Keith Wallis, correspondent | 19 September 2018

Soo Cheon Lee - SC Lowy
Soo Cheon Lee, chief investment officer, SC Lowy

SC Lowy, the Hong Kong-based boutique bank and distressed workout specialist, is targeting more European acquisitions after buying non-performing shipping loans with a book value of USD160 million from Italy’s Banca Monte dei Paschi di Siena (BMPS).

“We’ve spent a lot of time looking at European banks,” said Soo Cheon Lee, SC Lowy co-founder and chief investment officer.

“There is a huge opportunity with German banks,” Lee said at the Marine Money’s Ship Finance Forum in Singapore on 19 September.

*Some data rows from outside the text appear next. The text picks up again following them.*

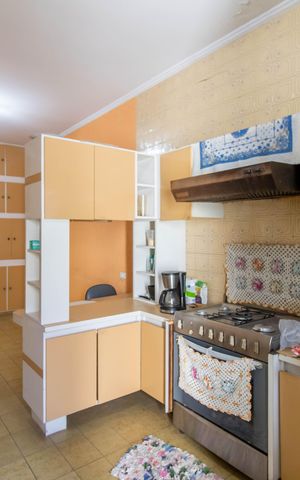 Casa à venda com 250m², 3 quartos e 3 vagas Casa à venda com 250m², 3 quartos e 3 vagasCozinha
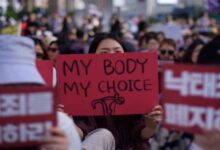 Nueva encuesta: 75% de católicos latinos apoyan el derecho al aborto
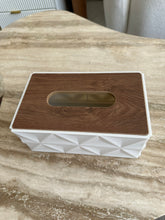 White Illusion Tissue box SS12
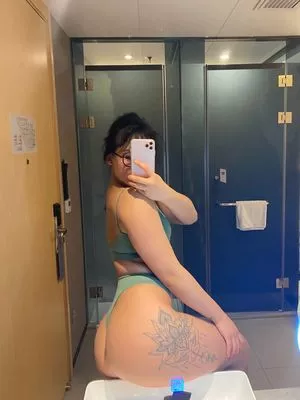 luankehui OnlyFans Leaked Free Thumbnail Picture - #LpymLpiGLc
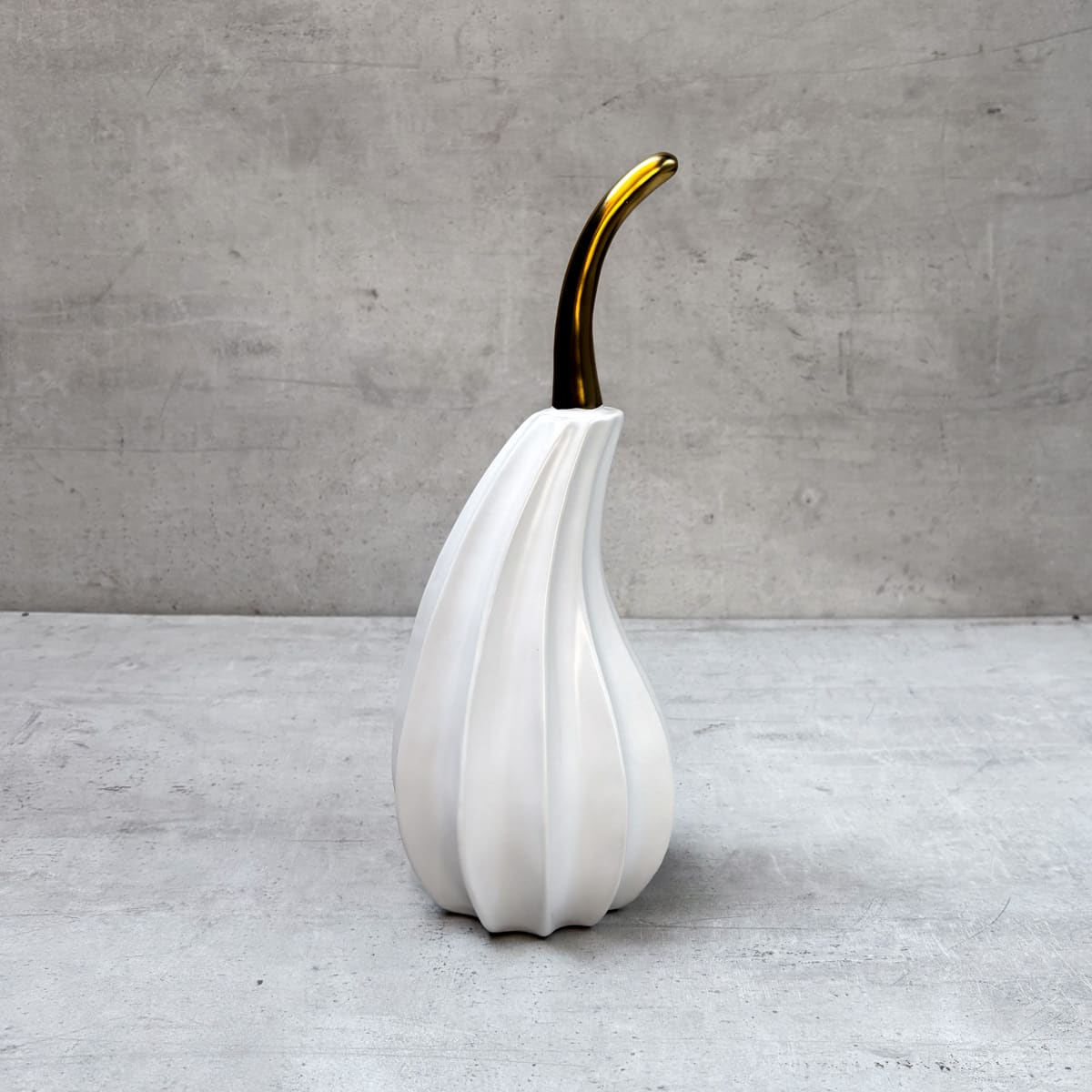 Garlic Luxe Ceramic Decor Accent (Large) - Home Artisan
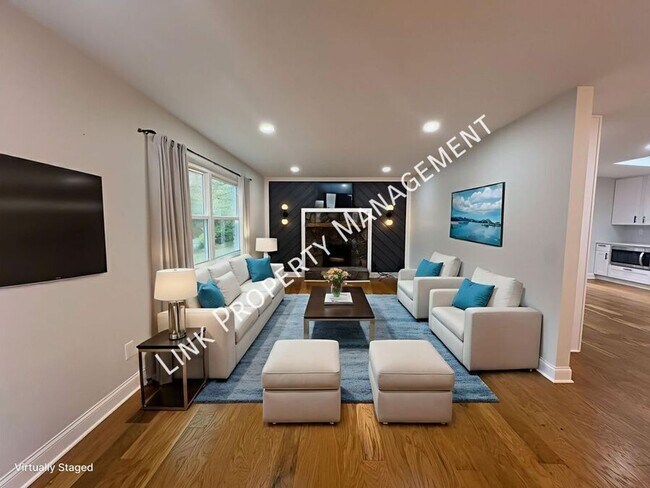 Building Photo - Sophisticated Tri-Level Home in Stuart Heights — Modern Comfort & Timeless Charming 4 bedroom 3 b...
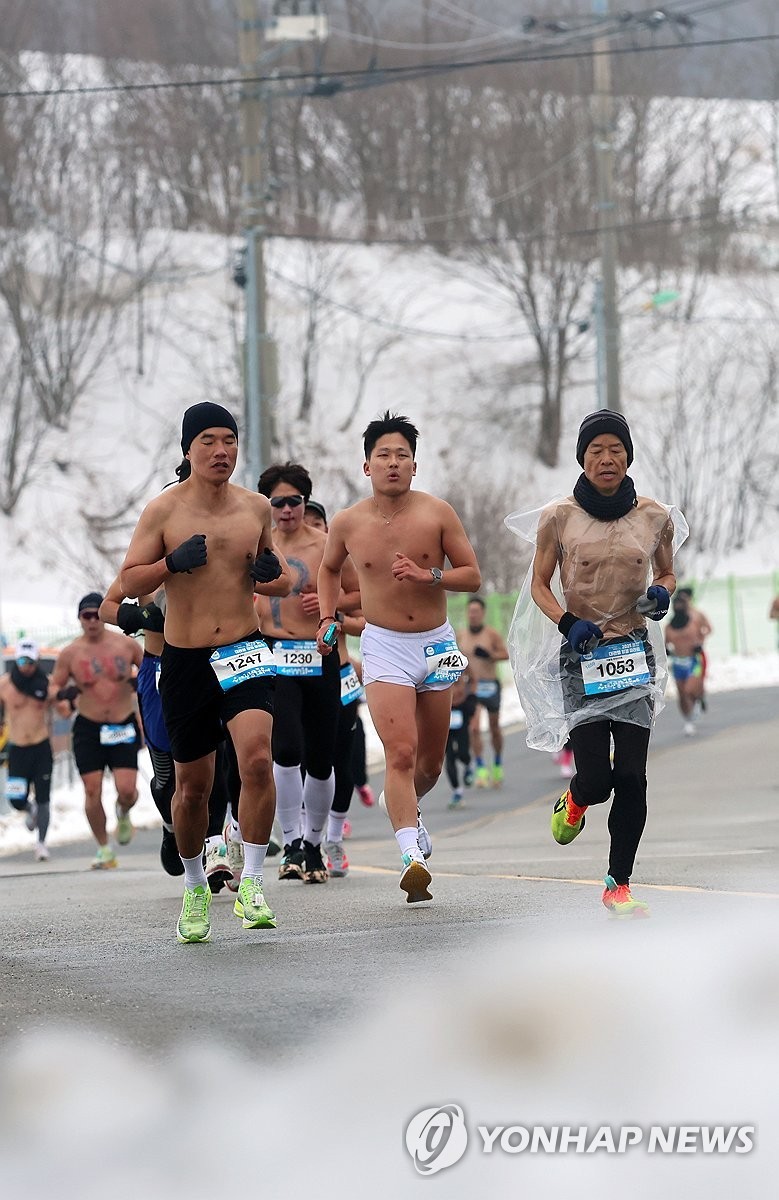 눈 쌓인 <b>대관령</b> 달리는 마라토너들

While the firm is looking at European expansion, Lee said Asia would remain the company’s primary focus.

“Asia is our core business. Over the next two or three years, there will be a few opportunities in Asia,” Lee said, declining to provide further details.

Lowy has been involved in rescue operations for a raft of shipping companies in the past 10 years. Those companies have included South Korean firms Korea LinePan Ocean, and Hanjin Shipping, along with Taiwan’s TMT and Singapore’s Mercator Lines.

Lee admitted its efforts to save Hanjin Shipping, which was the world’s seventh-largest container line when it collapsed in 2016, and Mercator Lines in 2015 were unsuccessful.

“I expected Hanjin to be restructured,” Lee said, adding that Mercator was a casualty of the poor dry bulk market in 2015. “We tried to restructure but it didn’t work out.”

SC Lowy is digesting the acquisition of the bad shipping loan book of state-owned BMPS in what was Italy’s largest shipping debt transaction when confirmed in August.

Lee said the company is still working out its future exit strategy.

“We are trying to work with stakeholders, maybe restructure the loans. We will deploy different strategies for different vessels,” Lee said.

The portfolio covers tankers and dry bulk ships and a single offshore support vessel.

The transaction was fronted by Italian lender Credito di Romagna, in which SC Lowy acquired a 90% stake in April.